I always thought that the reason I loved pictures so much was because my memory isn’t great. I thought old photos helped me remember moments in my life that I loved. I’ve thought this for a really long time, but today that thought changed.
I think the reason I love taking pictures so much is because I have a really hard time living in the present moment.
I was listening to a Mel Robbins podcast episode yesterday, (which I will post below)!! Mel Robbins talks about how her family is visiting her for a few days and she was so excited to see them. But, just a moment later, she started to feel a complete different emotion. She wasn’t happy anymore, she was sad because she started to think about how they will be leaving in a few days. It made her realize that her mind tends to focus on the future and what could go wrong, which leads her to not fully enjoying the present moment. I HIGHLY recommend listening to this podcast, and a lot of her others. One of my coworkers recommended this to me and I am very blessed that she did.

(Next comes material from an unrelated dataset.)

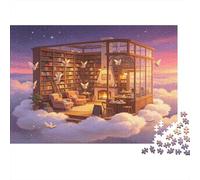 Sala de Lectura de Cristal de Ensueño Puzzle de 1000 Piezas Papel para Adultos Escena Nocturna Entre Nubes Juego de Puzzle 1000 Piezas Decoración Familiar Regalo 52x38cm/1000pcs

Today, I am tying this into why I take so many pictures. I was going to blog about my love / hate relationship with fitness, but I changed my mind. While I was looking for transformation pictures, I started wondering why I take so many again. I said to my partner “I’m so glad that I take so many pictures, I think I do it because I tend to not live in the moment because I’m busy worrying about the problems that could happen in the future.”

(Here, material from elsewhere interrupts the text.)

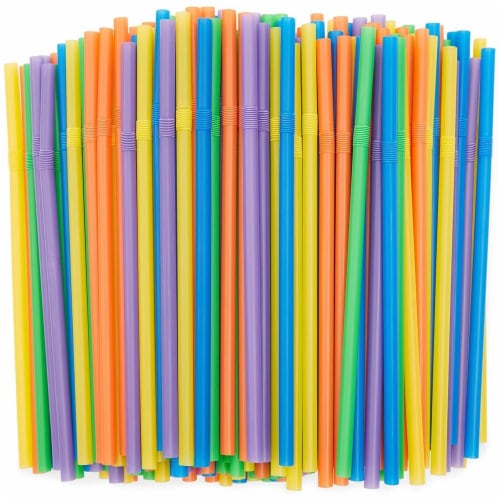 300ct Flexible Plastic Bendy Drinking Straws, Multiple Colors Perspective: bottom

That’s it. That’s why I love taking pictures. I have such a hard time being in the present moment with my loved ones, friends, family, and even my pets. I’m worrying about money, my career, my relationships, my future, the fact that that the house is a mess, the fact that I haven’t smiled in a few days, or the fact that life is so short and I’m so dissatisfied with what I am doing on a day to day basis right now.
Because my mind goes on this downward spiral about everything going wrong in my life — I struggle to just enjoy what’s happening right in front of me. I’m constantly distracted. There’s always something else on my mind that isn’t the person I’m talking with, or the pet I’m playing with, or the activity I’m trying to accomplish.
I really believe that subconsciously I take a lot of pictures because I want to be able to go back through my phone and see great moments so I can ignore the pain I’m feeling while I’m taking them. I trick my mind into thinking that my life is happy, joyful, and exciting, when in reality — the whole time I’m taking the pictures I’m feeling fear, sadness, or anxiety.
I think I do this because sometimes it’s hard to admit to myself that I am deep down, a very negative person. I have a negative narrative towards myself. This isn’t easy to admit to myself or to anyone that reads that. I usually judge people that are negative because I can feel their energy drain everyone in the room. But, the reason I judge them is because I know that my base level right now is exactly that — negative and draining.
But as hard as it is to admit it — it’s even harder living like this on a daily basis.
I want to become more aware of the present moment. I want to enjoy the moment that I’m in now. I want to be able to know that I was genuinely happy when I was taking the picture. I truly want to start enjoying every moment because like I said, life is way too short.
I think I will challenge myself to start being more present when I am taking pictures. I want to ask myself:
Why am I taking this picture?
What is so special about this moment that I want to capture?
Why is this important to me?
Am I being present with whatever I am taking a picture of?
I think this will help me live more in the now. I will be reminded why I am taking the picture in the first place. I’ll remember the important things in my life. I’ll remember to be present again and be grateful for having such beauty in my life.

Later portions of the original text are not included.